Sektörel Dağılımlar ve E-Ticaretin Geleceği

2023 yılında e-ticaret hacminin %51’i mal ticaretinden, %49’u ise hizmet ticaretinden oluştu. Kartlı işlem hacminin %63’ü mal ticaretine, %37’si ise hizmet ticaretine dayanıyor. En büyük payı alan sektörler ise sırasıyla 233 milyar TL ile beyaz eşya ve küçük ev aletleri, 135 milyar TL ile elektronik, ve 127 milyar TL ile giyim, ayakkabı ve aksesuar oldu. Bu dağılım, tüketici eğilimlerinin hangi sektörlere yöneldiğini açıkça gösteriyor.

Ticaretin geleceğinde, her geçen gün daha fazla dijitalleşen ve tüketici odaklı bir yaklaşım benimseyen işletmeler başarıya ulaşacak. 2024 yılı için e-ticaret hacminin 3,4 trilyon TL’ye ulaşacağı tahmini, dijital dönüşümün ne kadar hızlı ilerlediğini gözler önüne seriyor.

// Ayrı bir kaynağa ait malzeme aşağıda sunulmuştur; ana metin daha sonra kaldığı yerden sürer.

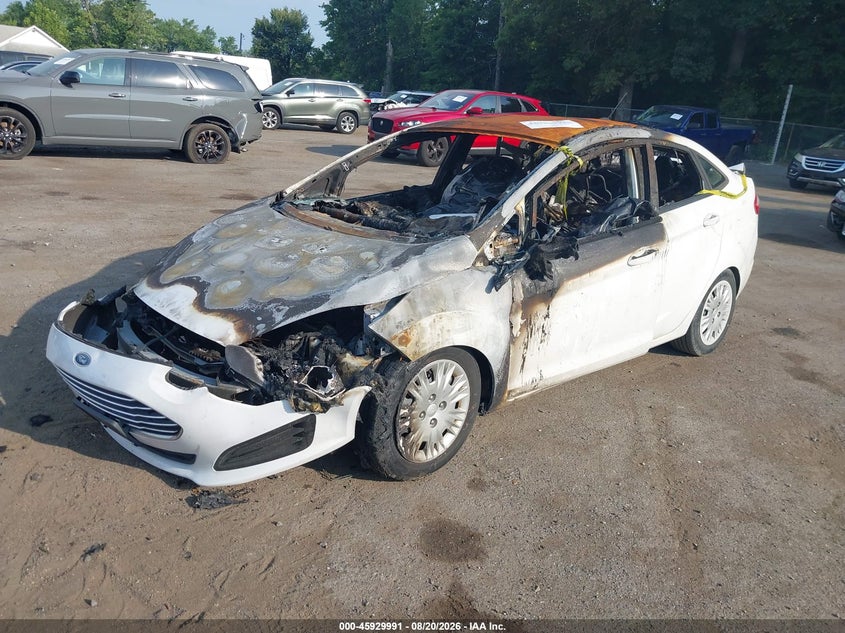 2015 Ford Fiesta, Повністю згоріле, IAAI, VIN 3FADP4AJ3FM213144 — фото 2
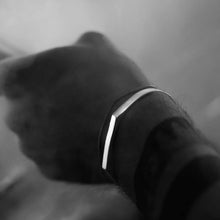 Cargar imagen en el visor de la galería, Brazalete Argenta
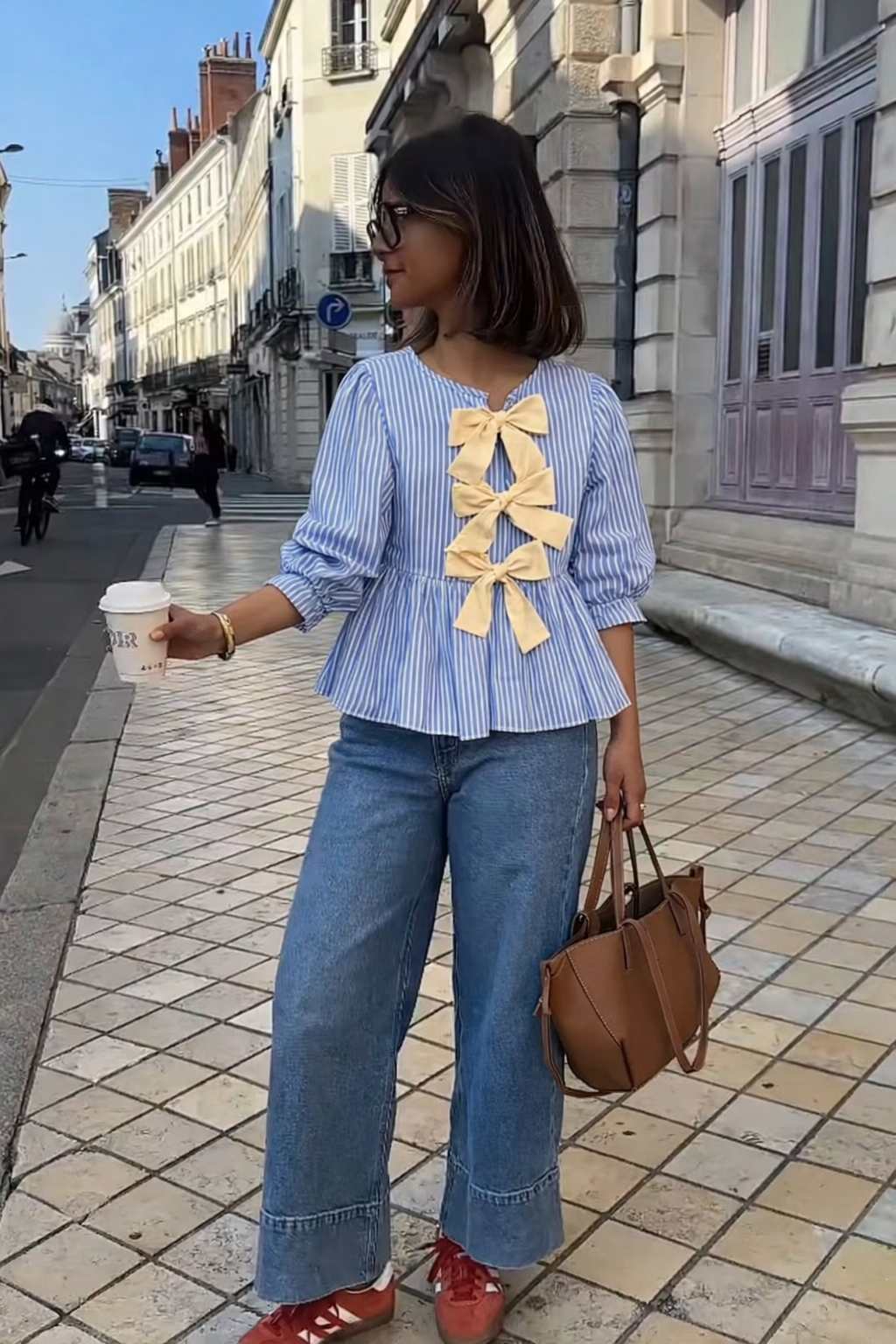Blusa líneas lazos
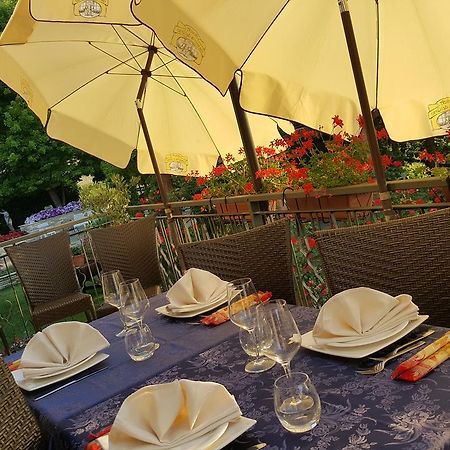 Ristorante Primula Bianca Hotel Varzi Exterior foto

Bölgesel Uyum ve İstanbul’un Liderliği

Bakanlık tarafından geliştirilen e-ticarete uyum endeksi, İstanbul’un bu alandaki liderliğini göstermektedir. E-ticarete uyumu en yüksek olan diğer iller ise Kayseri, Çorum, İzmir ve Kocaeli olarak sıralandı. Bu sıralama, il bazında e-ticaretin ekonomik katkısının ne kadar önemli olduğunu gösteriyor. İstanbul, hem e-ticaret satışlarının gayrisafi yurtiçi hasılaya oranı hem de e-ticaret faaliyetinde bulunan işletme sayısı ile lider durumda.

Sonuç: E-Ticaretin Geleceğine Hazırlık

E-ticaret, Türkiye’nin ticari yapısında giderek daha önemli bir rol oynuyor ve bu büyüme trendi hız kesmeden devam edecek. Ancak, işletmelerin bu büyümeden faydalanmak için sadece pazar yerlerine bağımlı kalmaması gerekiyor. Kendi web siteleri ve mobil uygulamaları üzerinden çoklu kanallara yönelmek, dijital ticaretin geleceğinde hayatta kalmanın ve başarılı olmanın anahtarı olacaktır. E-ticaretin Türkiye’deki hacmi büyümeye devam ederken, bu dinamik yapıda yer almak isteyen işletmelerin stratejik olarak esnek, yenilikçi ve çok kanallı bir yaklaşım benimsemeleri gerekiyor.